**ASSIGNED TASK:**
The response must consist of the lines below from the one with "This is made" through the one with "Sometimes placing a", exactly as they appear and with both ends kept.

**MATERIAL SUPPLIED:**
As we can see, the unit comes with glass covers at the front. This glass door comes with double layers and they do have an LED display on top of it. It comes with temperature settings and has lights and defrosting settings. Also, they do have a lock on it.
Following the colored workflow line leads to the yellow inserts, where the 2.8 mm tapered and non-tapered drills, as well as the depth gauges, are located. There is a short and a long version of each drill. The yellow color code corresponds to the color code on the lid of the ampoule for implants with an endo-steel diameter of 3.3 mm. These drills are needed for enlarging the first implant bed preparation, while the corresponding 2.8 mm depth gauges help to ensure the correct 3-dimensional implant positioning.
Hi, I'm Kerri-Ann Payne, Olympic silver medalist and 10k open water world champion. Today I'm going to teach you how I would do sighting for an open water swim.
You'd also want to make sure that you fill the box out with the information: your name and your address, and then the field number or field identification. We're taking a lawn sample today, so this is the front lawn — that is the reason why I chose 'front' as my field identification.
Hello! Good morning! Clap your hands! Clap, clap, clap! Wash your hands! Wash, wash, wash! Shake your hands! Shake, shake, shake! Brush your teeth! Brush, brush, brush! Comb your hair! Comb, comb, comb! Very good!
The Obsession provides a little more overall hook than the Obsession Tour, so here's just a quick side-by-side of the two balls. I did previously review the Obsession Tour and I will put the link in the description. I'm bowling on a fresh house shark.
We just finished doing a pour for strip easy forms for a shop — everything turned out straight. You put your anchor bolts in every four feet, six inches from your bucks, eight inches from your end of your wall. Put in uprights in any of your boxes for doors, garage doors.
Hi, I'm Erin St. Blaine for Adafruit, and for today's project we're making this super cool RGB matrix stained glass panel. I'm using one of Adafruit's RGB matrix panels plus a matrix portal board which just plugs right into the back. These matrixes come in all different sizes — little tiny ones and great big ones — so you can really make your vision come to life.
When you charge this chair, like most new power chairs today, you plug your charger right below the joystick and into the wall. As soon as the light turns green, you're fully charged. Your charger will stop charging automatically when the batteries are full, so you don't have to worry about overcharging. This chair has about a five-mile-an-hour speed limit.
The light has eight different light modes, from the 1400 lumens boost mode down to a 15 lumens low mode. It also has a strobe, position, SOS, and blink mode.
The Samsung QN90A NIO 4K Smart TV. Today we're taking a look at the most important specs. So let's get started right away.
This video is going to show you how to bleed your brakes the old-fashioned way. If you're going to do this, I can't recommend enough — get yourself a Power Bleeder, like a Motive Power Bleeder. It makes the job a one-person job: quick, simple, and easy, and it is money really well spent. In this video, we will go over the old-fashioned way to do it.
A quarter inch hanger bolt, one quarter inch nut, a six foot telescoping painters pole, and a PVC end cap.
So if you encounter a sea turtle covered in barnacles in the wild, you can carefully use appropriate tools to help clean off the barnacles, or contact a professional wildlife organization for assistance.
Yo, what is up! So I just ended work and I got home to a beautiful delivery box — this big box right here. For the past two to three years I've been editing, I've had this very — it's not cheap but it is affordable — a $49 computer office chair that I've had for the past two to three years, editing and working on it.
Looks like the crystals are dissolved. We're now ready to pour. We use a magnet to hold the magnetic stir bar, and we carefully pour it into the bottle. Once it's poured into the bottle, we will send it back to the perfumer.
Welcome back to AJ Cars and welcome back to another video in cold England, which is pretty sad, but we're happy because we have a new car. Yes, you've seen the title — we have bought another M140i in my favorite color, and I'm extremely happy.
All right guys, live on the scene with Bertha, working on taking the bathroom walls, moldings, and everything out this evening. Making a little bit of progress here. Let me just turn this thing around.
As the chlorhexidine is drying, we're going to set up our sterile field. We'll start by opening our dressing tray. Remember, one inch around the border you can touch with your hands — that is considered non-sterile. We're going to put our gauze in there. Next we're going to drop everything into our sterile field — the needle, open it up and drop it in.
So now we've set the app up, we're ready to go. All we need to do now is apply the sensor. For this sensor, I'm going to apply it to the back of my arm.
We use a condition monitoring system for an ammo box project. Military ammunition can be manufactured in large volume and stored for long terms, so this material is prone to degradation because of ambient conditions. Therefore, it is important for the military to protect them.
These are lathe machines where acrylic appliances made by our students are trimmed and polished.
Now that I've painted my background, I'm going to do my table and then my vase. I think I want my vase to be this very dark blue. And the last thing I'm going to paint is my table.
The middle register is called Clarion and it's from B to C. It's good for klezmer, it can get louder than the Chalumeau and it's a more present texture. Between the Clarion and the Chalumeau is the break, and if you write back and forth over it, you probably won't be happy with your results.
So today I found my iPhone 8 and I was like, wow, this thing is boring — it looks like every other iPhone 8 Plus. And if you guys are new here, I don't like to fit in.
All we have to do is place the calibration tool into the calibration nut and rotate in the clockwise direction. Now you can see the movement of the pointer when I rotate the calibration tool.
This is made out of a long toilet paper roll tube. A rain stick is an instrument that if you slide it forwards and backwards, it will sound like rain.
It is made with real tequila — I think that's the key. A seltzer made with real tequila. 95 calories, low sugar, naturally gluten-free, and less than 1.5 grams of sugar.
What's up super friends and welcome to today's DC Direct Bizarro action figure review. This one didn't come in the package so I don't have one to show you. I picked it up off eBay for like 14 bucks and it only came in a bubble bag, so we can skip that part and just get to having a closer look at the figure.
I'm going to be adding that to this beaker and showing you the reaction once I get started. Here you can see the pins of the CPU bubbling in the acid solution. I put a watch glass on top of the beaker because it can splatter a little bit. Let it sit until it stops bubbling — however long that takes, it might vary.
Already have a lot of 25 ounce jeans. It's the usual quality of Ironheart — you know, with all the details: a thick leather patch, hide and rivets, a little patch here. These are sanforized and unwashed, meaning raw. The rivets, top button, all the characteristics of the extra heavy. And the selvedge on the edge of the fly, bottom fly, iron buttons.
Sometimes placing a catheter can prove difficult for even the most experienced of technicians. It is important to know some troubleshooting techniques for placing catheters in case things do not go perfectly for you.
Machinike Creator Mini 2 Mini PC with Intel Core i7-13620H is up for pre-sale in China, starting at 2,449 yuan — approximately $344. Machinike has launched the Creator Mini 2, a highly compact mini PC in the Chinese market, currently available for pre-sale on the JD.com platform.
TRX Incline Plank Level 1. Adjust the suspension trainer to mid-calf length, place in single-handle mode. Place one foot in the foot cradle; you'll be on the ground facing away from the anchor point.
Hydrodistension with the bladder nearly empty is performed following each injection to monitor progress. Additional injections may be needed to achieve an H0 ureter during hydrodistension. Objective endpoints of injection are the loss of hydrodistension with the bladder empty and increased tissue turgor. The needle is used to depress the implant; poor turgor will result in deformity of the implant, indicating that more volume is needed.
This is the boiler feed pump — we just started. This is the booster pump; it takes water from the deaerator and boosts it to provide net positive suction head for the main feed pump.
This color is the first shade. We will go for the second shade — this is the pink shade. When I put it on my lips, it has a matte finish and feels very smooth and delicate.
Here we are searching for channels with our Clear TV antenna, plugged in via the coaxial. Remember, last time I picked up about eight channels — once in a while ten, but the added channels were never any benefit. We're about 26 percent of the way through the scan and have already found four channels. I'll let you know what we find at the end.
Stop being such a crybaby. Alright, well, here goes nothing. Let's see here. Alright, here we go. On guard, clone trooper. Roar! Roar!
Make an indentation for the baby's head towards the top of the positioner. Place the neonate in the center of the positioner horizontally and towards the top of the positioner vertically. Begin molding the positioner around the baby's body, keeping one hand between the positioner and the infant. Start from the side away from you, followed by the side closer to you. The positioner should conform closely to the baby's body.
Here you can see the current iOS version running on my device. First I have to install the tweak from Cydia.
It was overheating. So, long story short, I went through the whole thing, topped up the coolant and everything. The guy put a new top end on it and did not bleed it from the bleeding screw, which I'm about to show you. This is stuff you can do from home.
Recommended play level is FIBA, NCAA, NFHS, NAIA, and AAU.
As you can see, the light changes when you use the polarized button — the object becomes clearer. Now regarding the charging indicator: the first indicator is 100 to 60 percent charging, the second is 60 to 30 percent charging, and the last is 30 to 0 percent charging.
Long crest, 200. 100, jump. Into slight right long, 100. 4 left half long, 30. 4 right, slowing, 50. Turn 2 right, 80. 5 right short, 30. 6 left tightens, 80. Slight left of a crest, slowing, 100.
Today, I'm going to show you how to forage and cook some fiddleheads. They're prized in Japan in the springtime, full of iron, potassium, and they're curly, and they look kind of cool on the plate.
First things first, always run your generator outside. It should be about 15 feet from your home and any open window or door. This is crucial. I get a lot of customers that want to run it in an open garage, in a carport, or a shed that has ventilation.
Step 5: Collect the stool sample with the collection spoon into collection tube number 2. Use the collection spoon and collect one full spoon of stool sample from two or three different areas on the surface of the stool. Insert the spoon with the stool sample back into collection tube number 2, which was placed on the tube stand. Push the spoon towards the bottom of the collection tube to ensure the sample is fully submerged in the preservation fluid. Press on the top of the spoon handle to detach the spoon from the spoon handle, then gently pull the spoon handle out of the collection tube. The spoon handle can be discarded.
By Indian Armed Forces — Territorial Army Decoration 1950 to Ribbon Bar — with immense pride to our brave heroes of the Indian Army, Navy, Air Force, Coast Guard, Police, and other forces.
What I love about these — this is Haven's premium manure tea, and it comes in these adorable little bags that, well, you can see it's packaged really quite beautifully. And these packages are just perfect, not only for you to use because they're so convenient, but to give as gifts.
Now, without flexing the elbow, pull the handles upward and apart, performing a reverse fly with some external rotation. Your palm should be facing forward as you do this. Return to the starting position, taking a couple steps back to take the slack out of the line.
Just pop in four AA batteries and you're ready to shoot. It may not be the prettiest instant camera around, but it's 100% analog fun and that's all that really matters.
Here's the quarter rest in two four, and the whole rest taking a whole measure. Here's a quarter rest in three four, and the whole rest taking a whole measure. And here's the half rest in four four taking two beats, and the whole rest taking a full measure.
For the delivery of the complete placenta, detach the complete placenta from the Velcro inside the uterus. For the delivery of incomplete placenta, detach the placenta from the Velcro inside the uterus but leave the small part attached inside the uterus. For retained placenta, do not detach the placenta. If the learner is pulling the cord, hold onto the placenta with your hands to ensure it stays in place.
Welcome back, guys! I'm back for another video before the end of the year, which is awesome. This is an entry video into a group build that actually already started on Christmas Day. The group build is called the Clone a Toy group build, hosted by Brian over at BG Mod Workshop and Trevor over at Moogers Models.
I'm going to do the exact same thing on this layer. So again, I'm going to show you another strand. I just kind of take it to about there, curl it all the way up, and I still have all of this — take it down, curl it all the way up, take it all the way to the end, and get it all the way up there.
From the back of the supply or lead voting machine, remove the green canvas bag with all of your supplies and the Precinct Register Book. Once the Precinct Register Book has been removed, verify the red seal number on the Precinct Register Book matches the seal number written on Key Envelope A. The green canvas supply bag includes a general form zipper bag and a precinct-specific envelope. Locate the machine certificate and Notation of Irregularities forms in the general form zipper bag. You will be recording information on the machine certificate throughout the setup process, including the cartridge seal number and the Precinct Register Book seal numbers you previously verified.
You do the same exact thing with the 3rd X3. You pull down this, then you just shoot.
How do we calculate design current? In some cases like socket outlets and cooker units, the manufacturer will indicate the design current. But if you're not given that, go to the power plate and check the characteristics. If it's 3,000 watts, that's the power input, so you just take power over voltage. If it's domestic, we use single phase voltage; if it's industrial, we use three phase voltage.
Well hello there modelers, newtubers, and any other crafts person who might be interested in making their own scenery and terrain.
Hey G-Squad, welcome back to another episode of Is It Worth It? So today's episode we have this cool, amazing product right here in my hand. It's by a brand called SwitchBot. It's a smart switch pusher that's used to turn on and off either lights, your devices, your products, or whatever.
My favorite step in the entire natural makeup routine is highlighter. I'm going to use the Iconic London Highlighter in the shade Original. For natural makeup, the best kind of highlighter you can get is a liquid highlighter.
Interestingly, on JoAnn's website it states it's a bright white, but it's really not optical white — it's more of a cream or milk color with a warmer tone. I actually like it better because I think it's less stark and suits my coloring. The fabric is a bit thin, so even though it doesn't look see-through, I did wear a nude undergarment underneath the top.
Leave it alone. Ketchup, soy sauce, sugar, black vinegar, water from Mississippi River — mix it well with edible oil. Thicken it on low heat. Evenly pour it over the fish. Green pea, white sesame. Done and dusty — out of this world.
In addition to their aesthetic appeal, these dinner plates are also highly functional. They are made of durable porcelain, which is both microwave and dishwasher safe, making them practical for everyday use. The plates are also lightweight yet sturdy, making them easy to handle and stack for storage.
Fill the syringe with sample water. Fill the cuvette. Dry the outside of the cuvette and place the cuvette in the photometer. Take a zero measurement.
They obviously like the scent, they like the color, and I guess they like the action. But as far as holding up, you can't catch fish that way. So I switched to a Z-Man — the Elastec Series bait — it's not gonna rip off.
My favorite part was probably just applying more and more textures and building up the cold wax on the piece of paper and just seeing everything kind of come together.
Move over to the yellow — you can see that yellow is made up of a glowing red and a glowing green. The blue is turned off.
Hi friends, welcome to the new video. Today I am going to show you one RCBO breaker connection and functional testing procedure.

**ANSWER SECTION:**
This is made out of a long toilet paper roll tube. A rain stick is an instrument that if you slide it forwards and backwards, it will sound like rain.
It is made with real tequila — I think that's the key. A seltzer made with real tequila. 95 calories, low sugar, naturally gluten-free, and less than 1.5 grams of sugar.
What's up super friends and welcome to today's DC Direct Bizarro action figure review. This one didn't come in the package so I don't have one to show you. I picked it up off eBay for like 14 bucks and it only came in a bubble bag, so we can skip that part and just get to having a closer look at the figure.
I'm going to be adding that to this beaker and showing you the reaction once I get started. Here you can see the pins of the CPU bubbling in the acid solution. I put a watch glass on top of the beaker because it can splatter a little bit. Let it sit until it stops bubbling — however long that takes, it might vary.
Already have a lot of 25 ounce jeans. It's the usual quality of Ironheart — you know, with all the details: a thick leather patch, hide and rivets, a little patch here. These are sanforized and unwashed, meaning raw. The rivets, top button, all the characteristics of the extra heavy. And the selvedge on the edge of the fly, bottom fly, iron buttons.
Sometimes placing a catheter can prove difficult for even the most experienced of technicians. It is important to know some troubleshooting techniques for placing catheters in case things do not go perfectly for you.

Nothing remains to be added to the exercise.